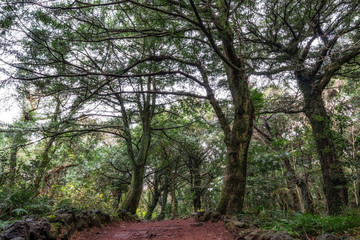 Bijarim forest trail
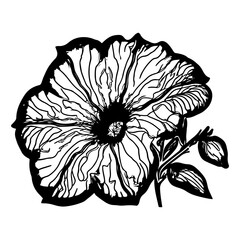 hand drawn flower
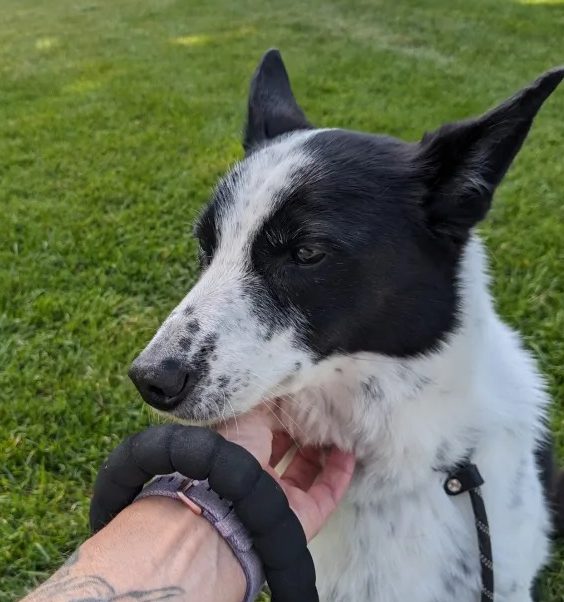 Doggy Daycare Services in Idaho Falls at Megan's Northgate Animal Boarding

TASK TO COMPLETE: Would it be possible to give the material above again exactly, with the pictures left out?

SOLUTION TO THIS PROBLEM:
 Bijarim forest trail
 hand drawn flower
 Doggy Daycare Services in Idaho Falls at Megan's Northgate Animal Boarding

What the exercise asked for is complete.